Footsteps entered the long hall. They stepped in unison.

Long strides.

Despite his nausea, he didn't have the energy to push away the plate. Time was cresting, ready to wave-roll over him in a white torrent. He fought, trying to drag against the motion, but it wouldn't stop. It wouldn't stop.

Two guards stood. The middle one unlocked the cell.

No one spoke.

A shadow of himself considered fighting, but he was far too tired.

Warmth matted the hair on the top of his head, and they shaved him while he dozed.

Someone was speaking. Maybe a prayer. He toweled himself clean and combed the ragged ring of hair remaining.

He walked, joining the strides in the long hallway, and the grip of the guards lifted him.

On to Part 7.
Back to Part 5.


Verilion said...

I know I keep saying this, but I'm very much enjoying this. It's really interesting how each small bit creates suspense within itself, yet there is this overarching feel that there will be an electric (pun intended (; ) ending.

mermaid said...

'A shadow of himself considered fighting, but he was far too tired.'

Surreal and real. A good writer knows his characters intimately, sometimes so well that the reader wonders...

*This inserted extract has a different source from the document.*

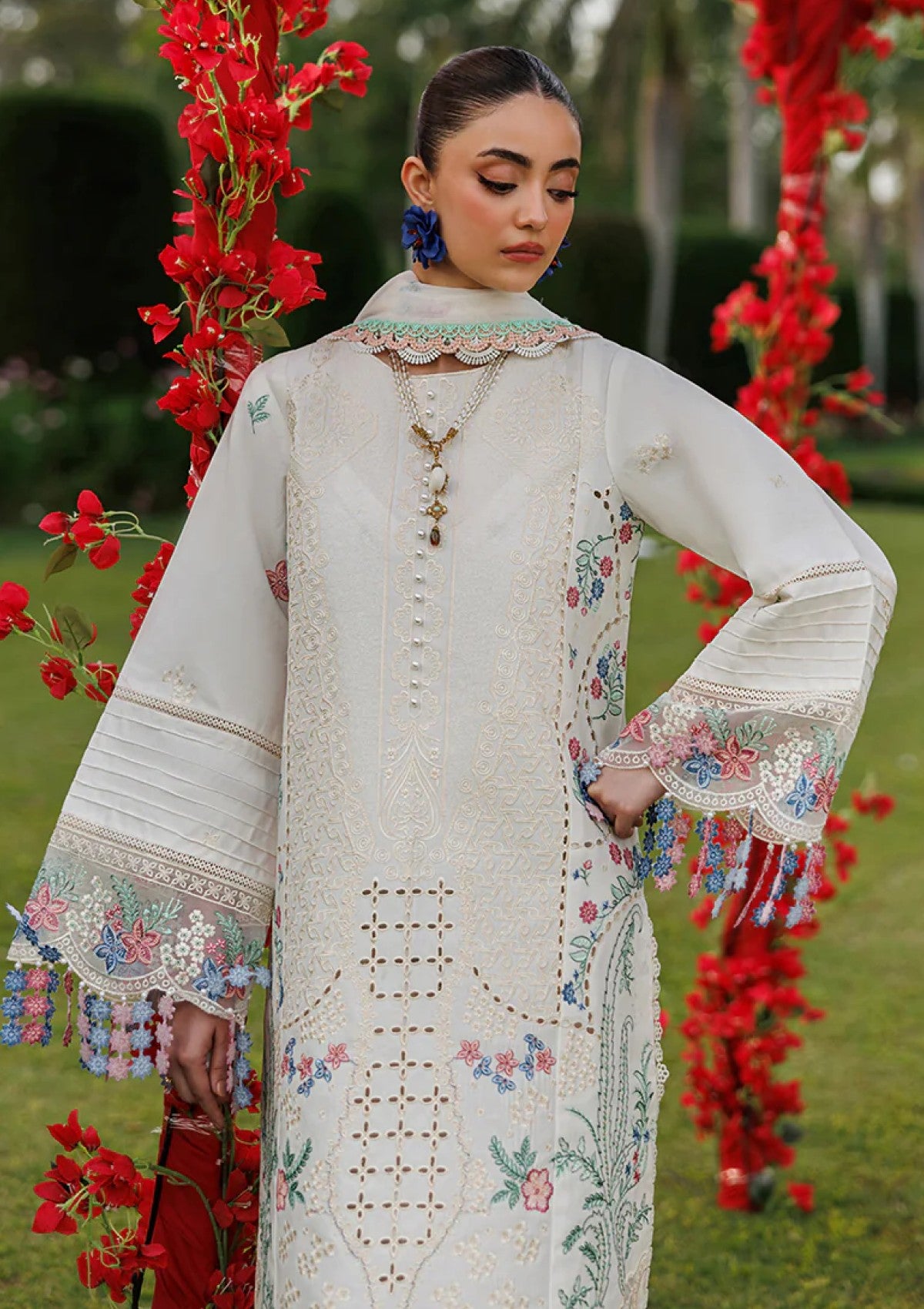 Mahnur Morbagh Luxury Lawn M 03 4 Mahnur Morbagh Luxury Lawn M 03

"...and the grip of the guards lifted him."

I'm not sure if you meant he was lifted by human contact after a long isolation, but I like the ambiguity of that line. It makes me want to know what he will be lifted to in the next part, the chair or something/somewhere else.

LiVEwiRe said...

I had actually wondered about that line, too. I often like to have lines like that interspersed as it leaves a certain amount of interpretation up to the reader. I always end up leaning forward, on the edge of my seat!

The Quoibler said...


Well, it's official. I've been Westinghoused.

Last night, I awoke from a very vivid dream involving a stage play in which a gal with long, dark hair got her head shaven in anticipation of her going to the electric chair. It was quite realistic and I couldn't watch it (even though I think I was the director...)

Coincidence? I think not.

My only question is the line where you say there were two guards, then you say "the middle one..." Were there originally three guards in an earlier draft?

Great work, Jason!


Anonymous said...

Verilion, thanks. :) In this medium, I think it's essential for serial stories to have that little "lean" at the end. Sometimes I pour on the suspense, and sometimes I leave it more subtle.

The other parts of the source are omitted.